AUD/USD struggles to gain strength despite the US Dollar corrects after the release of the US annual PPI report for August.
Investors see the Fed reducing interest rates by 25 bps next week.
Growing worries over Australian economic prospects have prompted the need of RBA rate cuts.
The AUD/USD pair strives for strong buying interest to extend its upside to near 0.6700 in Thursday’s North American session.
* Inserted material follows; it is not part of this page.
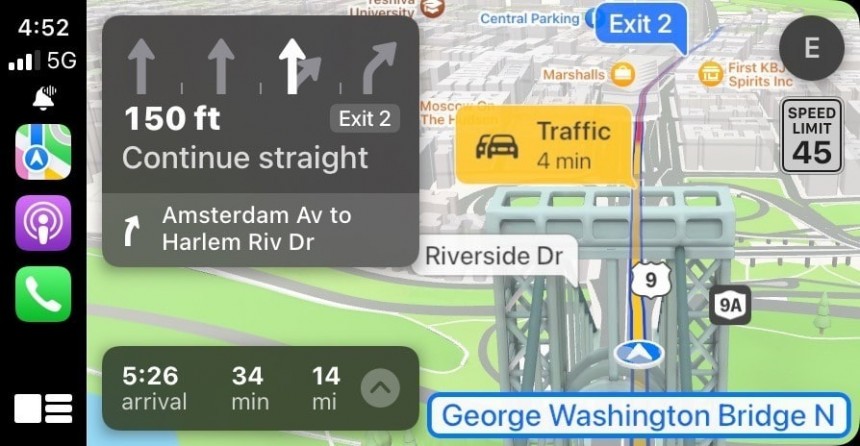 Navegación de Apple Maps en CarPlay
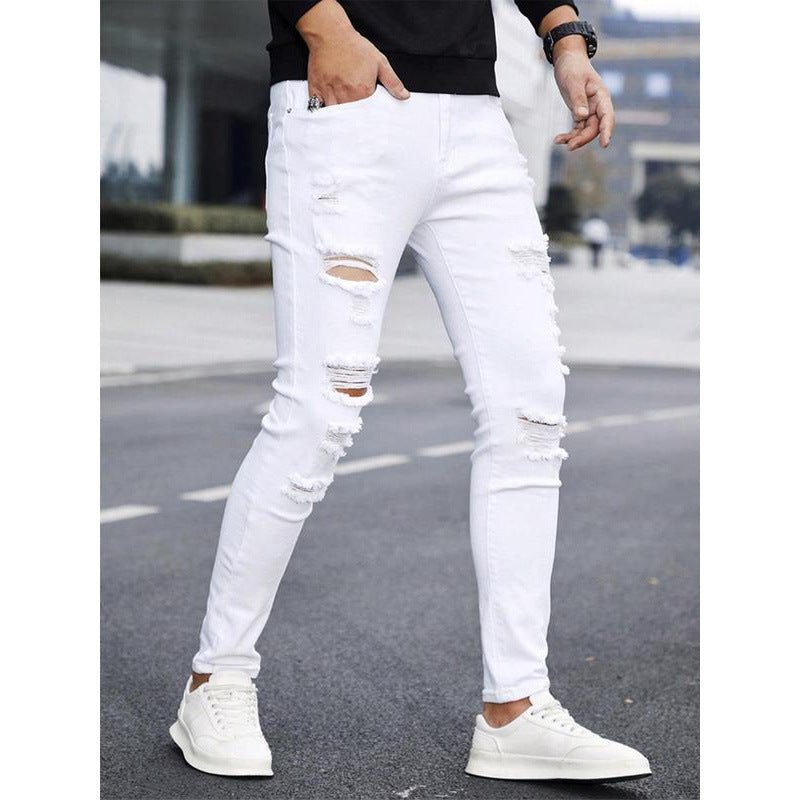 Men's Solid Color Cuffed Straight Jeans Casual And Comfortable Slim Fit - Fabtukus Luxury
The Aussie asset struggles to gain strength despite the release of the softer than expected United States (US) annual Producer Price Index (PPI) data for August.
The PPI report showed that the annual headline PPI grew at a slower pace of 1.7% from the estimates of 1.8% and from 2.1% in July, downwardly revised from 2.2%. In the same period, the core producer inflation – which excludes volatile food and energy prices – rose steadily by 2.4%, slower than expectations of 2.5%. A slower pace in the price increase of goods and services at factory gates suggest a sluggish consumer spending trend, which generally prompts Federal Reserve (Fed) interest rate cut bets.
However, the monthly headline and core PPI rose at a faster-than-expected pace of 0.2% and 0.3%, respectively. Soft US annual PPI data has weighed on the US Dollar (USD). The US Dollar Index (DXY), which tracks the Greenback’s value against six major currencies, edges lower to near 101.60.